Empirikos.jl

Consider $n$ independent samples $Z_i$ drawn from the following hierarchical model

\[\mu_i \sim G, \ \ Z_i \sim p_i(\cdot \mid \mu).\]

Here $G$ is the unknown prior (effect size distribution) and $p_i(\cdot \mid \mu),i=1,\dotsc,n$ are known likelihood functions.

This package provides a unified framework for estimation and inference under the above setting, which is known as the empirical Bayes problem [Herbert Robbins (1956)].

Installation

The package is available from the Julia registry. It may be installed on Julia version 1.6 as follows:

using Pkg
Pkg.add("Empirikos")

For some of its functionality, this package requires a convex programming solver. The requirement for such a solver is that it can solve second order conic programs (SOCP), that it returns the dual variables associated with the SOCP constraints and that it is supported by JuMP.jl. We recommend using the MOSEK solver through the MosekTools.jl package and we used MOSEK for all simulations and empirical examples in [Nikolaos Ignatiadis, Stefan Wager (2019+)]. MOSEK is a commercial solver, but provides free academic licenses. An open-source alternative is Hypatia.jl.

Getting started

Below are some vignettes using this package for empirical Bayes tasks. There are also available as Pluto.jl notebooks at the following directory.

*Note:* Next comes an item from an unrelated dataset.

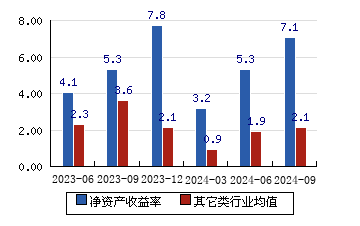 丸美股份：拟变更证券简称为“丸美生物”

Nonparametric estimation using the Nonparametric Maximum Likelihood estimator (NPMLE):
- A vignette that partially reproduces the vignette of the REBayes package [Roger Koenker, Jiaying Gu (2017)].
Nonparametric confidence intervals for empirical Bayes estimands as developed in [Nikolaos Ignatiadis, Stefan Wager (2019+)]:

Modularity

This package has been designed with the goal of modularity. Specialized code (using Julia's multiple dispatch) can be easily added to more efficiently handle different combinations of estimation targets, statistical algorithms, classes of priors and likelihoods. Please open an issue if there is a combination thereof that you would like to use (and which does not work currently or is slow).

In R:

REBayes [Roger Koenker, Jiaying Gu (2017)].
Ashr [Matthew Stephens (2016)]
DeconvolveR [Balasubramanian Narasimhan, Bradley Efron (2020)]
EbayesThresh [Iain M Johnstone, Bernard W Silverman (2005)]

In Julia:

Aurora.jl

References

koenker2017rebayes: Roger Koenker, Jiaying Gu, REBayes: Empirical Bayes mixture methods in R, Journal of Statistical Software, 82(8), 1–26, 2017.
stephens2016false: Matthew Stephens, False discovery rates: a new deal, Biostatistics, 18(2), 275–294, 2016.
efron2016empirical: Bradley Efron, Empirical Bayes deconvolution estimates, Biometrika, 103(1), 1–20, 2016.
narasimhan2020deconvolver: Balasubramanian Narasimhan, Bradley Efron, deconvolveR: A G-Modeling Program for Deconvolution and Empirical Bayes Estimation, Journal of Statistical Software, 94(1), 1–20, 2020.
johnstone2005ebayesthresh: Iain M Johnstone, Bernard W Silverman, EbayesThresh: R and S-Plus programs for Empirical Bayes thresholding, Journal of Statistical Software, 12, 1–38, 2005.
robbins1956empirical: Herbert Robbins, An Empirical Bayes Approach to Statistics, Proceedings of the Third Berkeley Symposium on Mathematical Statistics and Probability, Volume 1: Contributions to the Theory of Statistics, 1956.
ignatiadis2019bias: Nikolaos Ignatiadis, Stefan Wager, Confidence intervals for nonparametric empirical Bayes analysis, arXiv preprint arXiv:1902.02774, 2019+.